Alpha hydroxy acids such as glycolic acid and lactic acid are also commonly used in over-the-counter acne treatments. They help to remove dead skin cells and reduce any inflammation. They also stimulate the growth of new smoother skin and help to improve the appearance of acne scars.

In general, people find that they need to try different products with varying active ingredients (and often in different combinations) to find what works best for their skin. To help point you in the right direction faster, seek guidance from a Mosh Dermatologist.

Remember, when it comes to treating acne, patience is a virtue. Acne products take time to work and sometimes two or three months of use is needed to see results. It’s also possible for acne to look worse before it gets better.

To support the effectiveness of your acne treatments, you can make some easy lifestyle changes: Wash problem areas twice a day with a gentle, non-soap cleanser and use an oil-free water-based moisturiser to help alleviate dry, peeling skin. Also, avoid oily sunscreens and hair products and opt for products that are non-comedogenic, meaning they won’t clog pores.

Man applying face cream

Inflammatory acne

Pimples that are red and swollen are known as inflammatory acne. Inflammatory acne is more severe than non-inflammatory acne and is more likely to cause marks such as scarring or pitting.

Mild inflammatory acne includes papules and pustules, and the more severe types include nodules and cysts.


Papules occur when excess oil, bacteria, and dead skin cells push deeper into the skin and cause redness and swelling (inflammation). Essentially, they’re whiteheads or blackheads that have caused so much irritation that they’ve damaged some of the surrounding skin, leading to inflammation.

These nasty spots appear as small red bumps and may feel like sandpaper to touch if there are a lot in one area.


Pustules are pus-filled pimples. They’re a lot like papules, except they contain yellowish pus in the centre – a collection of immune and bacterial cells. They also have a pink or red base indicating inflammation.


Nodules are like larger, deeper papules but they have no visible centre or head. They are hard, painful, inflamed lumps, and because they’re deep within the skin, they’re harder to treat with over-the-counter medications. They can often leave behind dark spots or scarring.


Cysts are the largest form of acne and the most severe. They appear as large red or white bumps that are often painful to the touch. They’re deeper than nodules and are filled with pus. This type of acne is also the most likely to scar.

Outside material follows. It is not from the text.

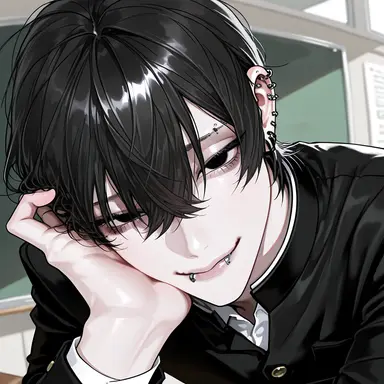 Profile image of 아오이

Benzoyl peroxide face washes and creams can be a useful first step for treating the milder inflammatory types of acne as they may help reduce swelling as well as get rid of bacteria within the skin.

Topical retinoids, which are derived from vitamin A, are also another option for combatting inflammatory papules and pustules and they can be used on non-inflammatory acne too. They work by promoting the exfoliation of dead skin cells as well as by boosting the production of new skin cells. Some retinoid creams are available over-the-counter – these are known as retinols. But for the more potent, effective retinoids, a prescription from a Mosh Dermatologist is required.

For the more severe inflammatory acne (nodules or cysts), it’s recommended that you consult with a Mosh Dermatologist who can provide you with a personalised treatment plan. The plan may contain stronger, more effective acne treatments including topical and/or oral medications, depending on the cause of your acne and it’s severity.